## WHAT TO PRODUCE
From the line that contains "Blurry knee pain due to obesity.の写真素材" down to the last line of the entries, repeat every line exactly. Do not carry over the pictures.

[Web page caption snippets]
↓↓↓
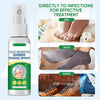 Hand Ringworm Beriberi Fungus Spray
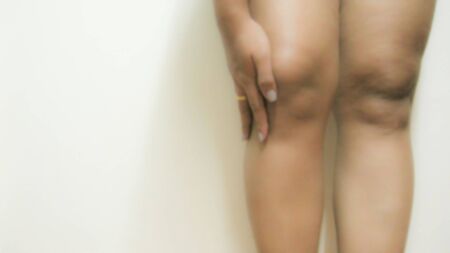 Blurry knee pain due to obesity.の写真素材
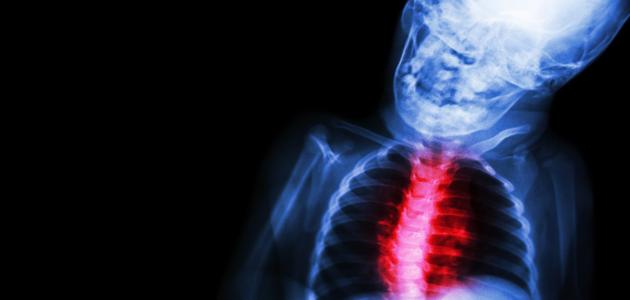 ما هو روماتيزم القلب ما هو روماتيزم القلب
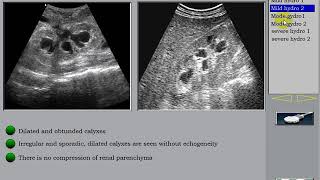 Ultrasound of the kidney 6 Hydronephrosis [upl. by Anayrb]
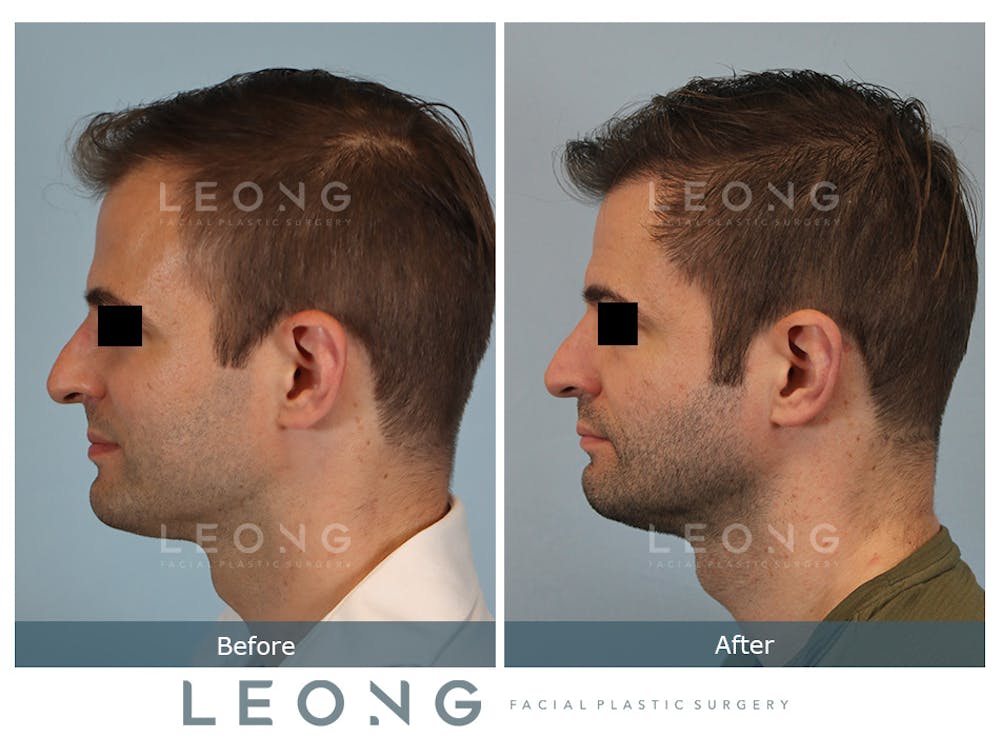 Hair Transplant Before & After Gallery - Patient 179984 - Image 5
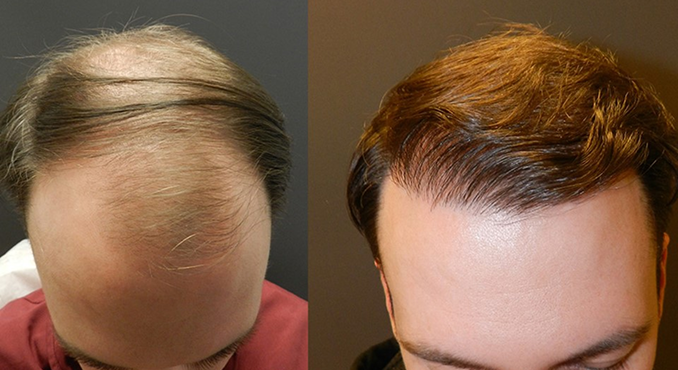 2,200 Hair Graft Hair Transplant Case Study &ndash; Norwood Class 5 &ndash; before and after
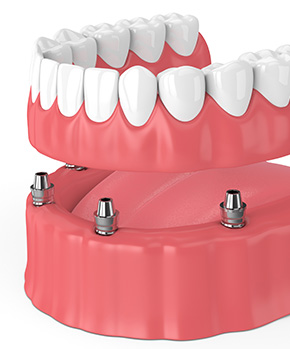 dentures shown above a gumline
↑↑↑
## SOLUTION TO THE PROBLEM
 Blurry knee pain due to obesity.の写真素材
 ما هو روماتيزم القلب ما هو روماتيزم القلب
 Ultrasound of the kidney 6 Hydronephrosis [upl. by Anayrb]
 Hair Transplant Before & After Gallery - Patient 179984 - Image 5
 2,200 Hair Graft Hair Transplant Case Study &ndash; Norwood Class 5 &ndash; before and after
 dentures shown above a gumline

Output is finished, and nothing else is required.